Buy your SEMA 2018 tickets...


----------



## philt (Sep 7, 2014)

JRP3 said:


> Wait, you've already delayed it a year since your original post?


Yes, we changed direction to EV. Originally was a Coyote 5.0 motor sponsored by Ford and Eaton furnished TVS2800 super charger.

Glad it went this way though. A lot more fun IMO. Not as many people doing it and I think EVs are really the future.


----------



## JRP3 (Mar 7, 2008)

But in your original post at the top of this thread you already made the switch to EV, then mentioned the 2016 SEMA. Now, 11 days later, it's the 2017 SEMA? 



> See it at SEMA 2016.


Was that a typo?


----------



## philt (Sep 7, 2014)

Yes, we could make it to the 16 show but the new batteries we have been promised will not be ready. Plus the extra year gives us time to get all the details right.

I would rather wait a year and get it all right than have issues because we rushed it. 

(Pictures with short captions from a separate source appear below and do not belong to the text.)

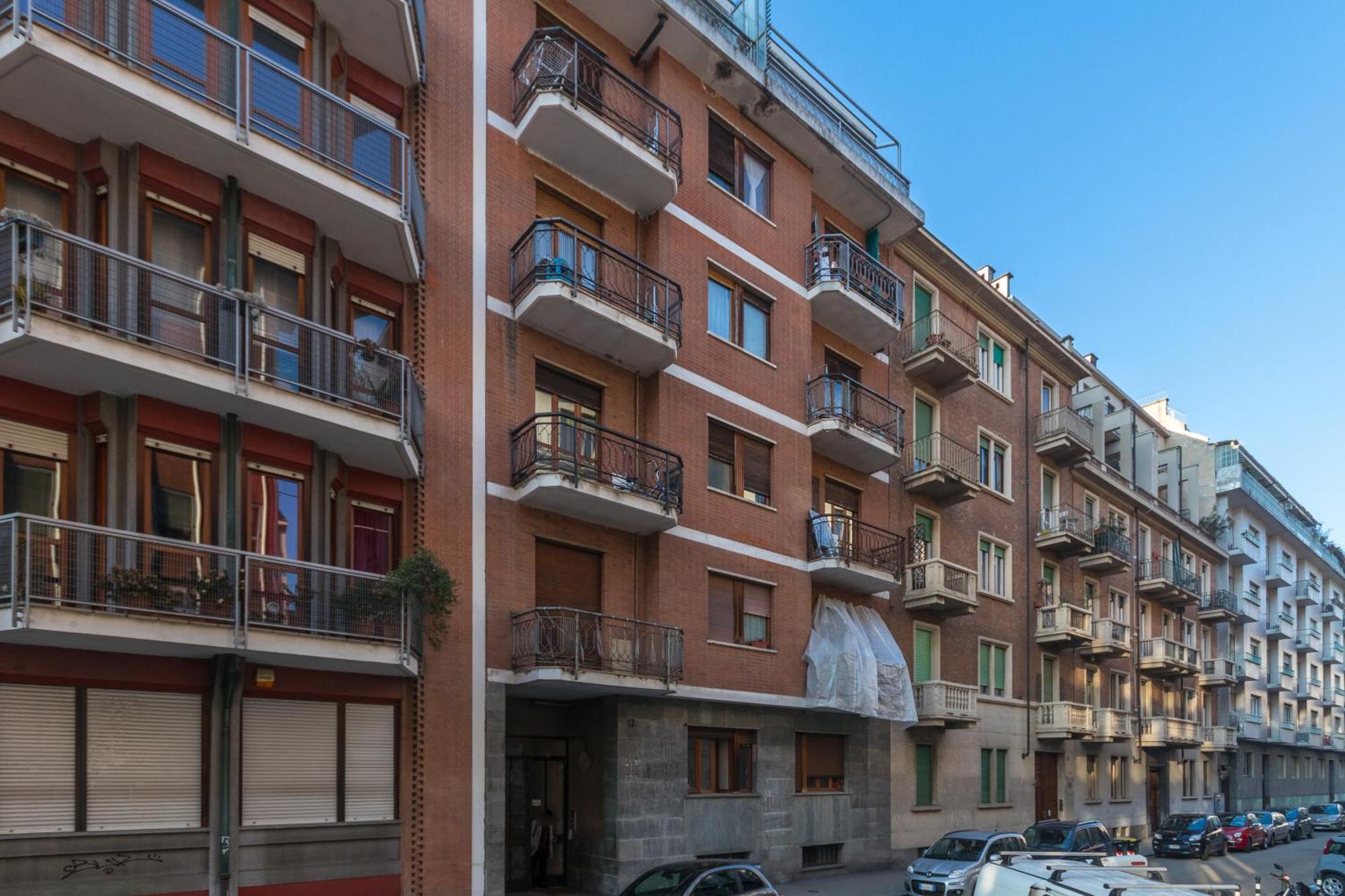 Apartament Giuria House 2 Turyn Zewnętrze zdjęcie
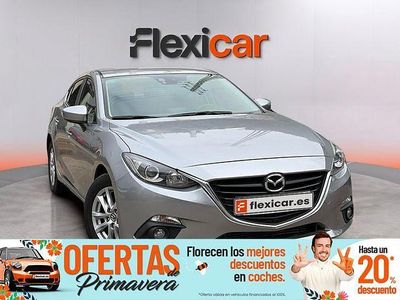 Usado Mazda 3 Luxury 150 CV (110 kW) 2015 Gris Berlina
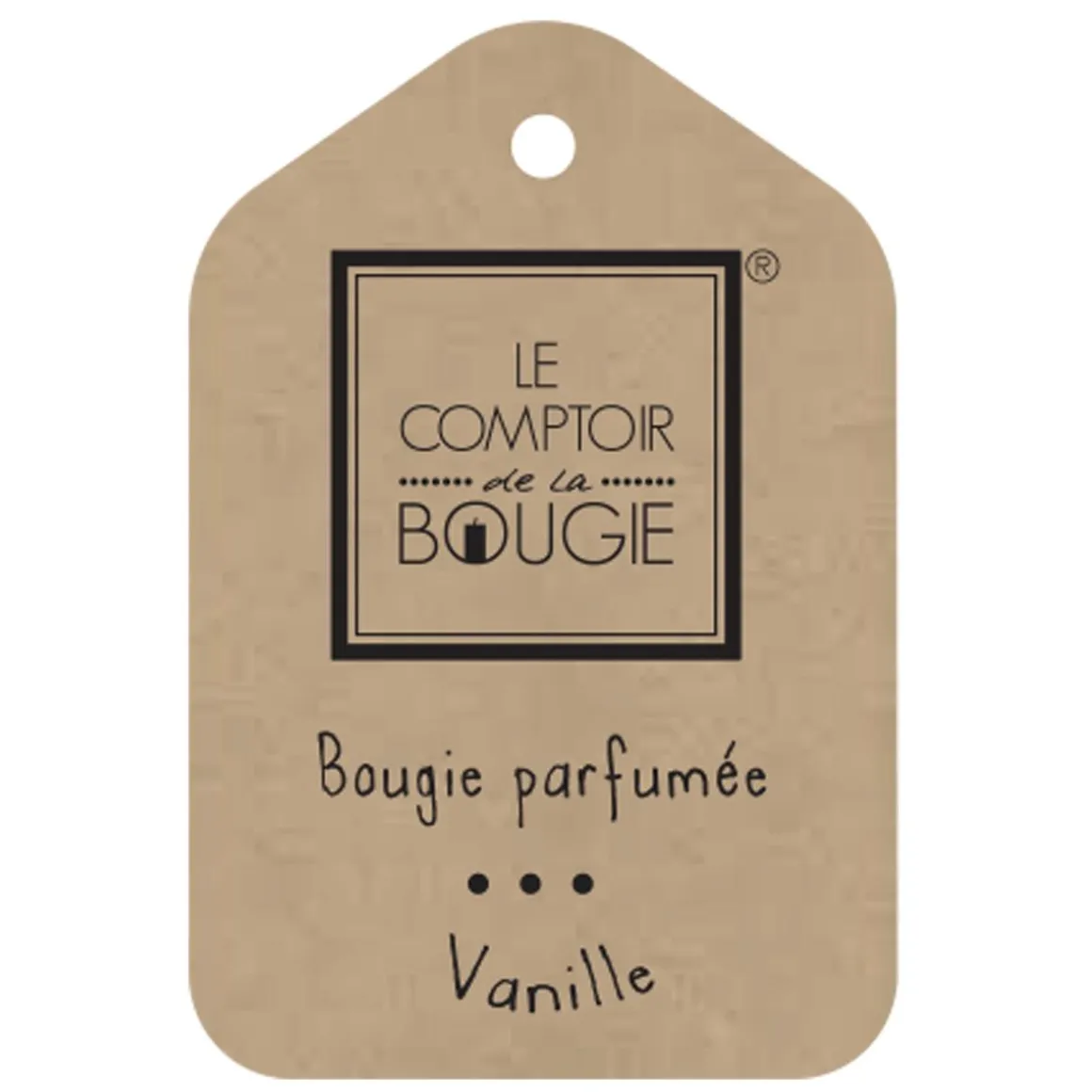 BOUGIE PARFUMEE VERRE ET LIEGE 130G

As a Corvette owner, I know to wait for the second year of a new model before buying. Even then, recalls are expected, even anticipated by GM.
Its not a good way to do biz IMO.


Thanks for noticing and sorry for the anticipation.


----------



## JRP3 (Mar 7, 2008)

Got it. Somewhat related, I wonder if you've seen this?

https://www.youtube.com/watch?v=J9E3ltoe5Uk


----------



## philt (Sep 7, 2014)

No I hadn't. I love it.
This guy is hysterical. What a character. Wish I lived closer to him, we would hit it off I'm sure.


I think there will be quite a few EV muscle cars coming out in the next few years.

Thanks for sharing!


----------



## philt (Sep 7, 2014)

JR:
Making a plan to visit the battery plant in June 2015, so if things go as planned we may make the 2016 SEMA show. FYI, just heard this morning from the vendor their testing is going well and they expect no delays for Q1 2016 delivery.

I've worked for many large companies, Siemens, GE, Eaton, Toshiba and I get a little apprehensive when they throw out release dates for new products.

So I am going to be cautious when I promise any date. I will say if we can get it done for the SEMA 2016 show, it will be there.


----------



## JRP3 (Mar 7, 2008)

Yeah, counting on a date from a battery supplier is a risky proposition, especially if it's a new product. Hope they come through. Can you provide any details on the battery?


----------



## philt (Sep 7, 2014)

Not yet but as soon as we are given the OK, we will.
Thanks for the interest.
Phil


----------